Data and Metadata: well that’s what we are all here for, the underlying analytical and historical data in a polyglot form. Depending on the nature of the domain data and its consumption models, data can be served as events, batch files, relational tables, graphs, etc., while maintaining the same semantic. For data to be usable there is an associated set of metadata including data computational documentation, semantic and syntax declaration, quality metrics, etc; metadata that is intrinsic to the data e.g. its semantic definition, and metadeta that communicates the traits used by computational governance to implement the expected behavior e.g. access control policies.
Infrastructure: The infrastructure component enables building, deploying and running the data product’s code, as well as storage and access to big data and metadata.
Additionally, we have the three types of ports.
- Input Ports
- Output Ports
- Control Ports
This looks really interesting and quite new, if you remember how the usual work in the data & analytics domain was done previously. But times have changed, principles like Infrastructure as Code, serverles, DevOps & DataOps, SRE etc. have changed the game towards more code focussed and software engineering thinking.
This morning I stumpled across a nice article on cloud serverless lock-in. One approach here is the hexagonal architecture, in which Ports and Adapters are present.
The goal of the hexagonal architecture is to encapsulate the logic within the core from the outer world. With this one, you can leverage some benefits:
- easier testing in isolation
- development can be done independently from external services
- ports and adapters are replaceable / extandable
Now let’s try to map it to the Data Product from Data Mesh. The Data Product is connected via the Input Port(s) to the data sources, this can be a database (e.g. via jdbc), a Message Queue / Message Broker like Kafka, Web endpoints etc.
Then within the Data Product, the “standard” procedures of Load, Process and Provide are happening. They load the data from the source via the input port (or receive events via subscription e.g. to a Kafka topic), do some data transformation steps ( = process) and provide the outcome via the Output Port(s). This can be again a database or a S3 endpoint or again a topic in Kafka. The advantage of that encapsulation is that the Data Product can be developed without interfering other data pipelines from other Data Products, I can start with a simple pass-through and add further transformations steps as soon as I need them. And it can be easily extended on new output ports (e.g. starting with a S3 endpoint, later a REST endpoint) Sounds quite similar to the hexagonal architecture? Yes, and reflects the movement to more Microservices in the non-analytical world. And on the Data & Analytics domain we see similar patterns, Data Mesh opens the door towards Domain Driven Development, Serverless, Data Products (within Data Mesh), Event-Driven are pushing towards Microservices / more granular processes.
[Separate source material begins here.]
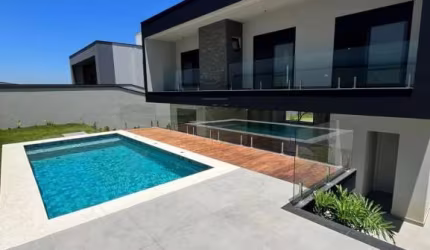 VENDA! Lindo Sobrado - Residencial Alphaville
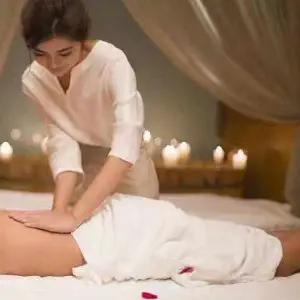 云和月SPA养生的logo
So, back to the initial question: Is Data Mesh not so new? Well, from my view it is and it is not.
- It is not: Data Mesh uses approaches and concepts from the Software Engineering domain like domain driven design, hexagonal architecture, Microservices etc.
- It is: these concepts were not the standard way of working in Data & Analytics Space in the last years and therefore a quite new approach. But it is good and helps to bring the data-driven thinking and data-diven practise forward.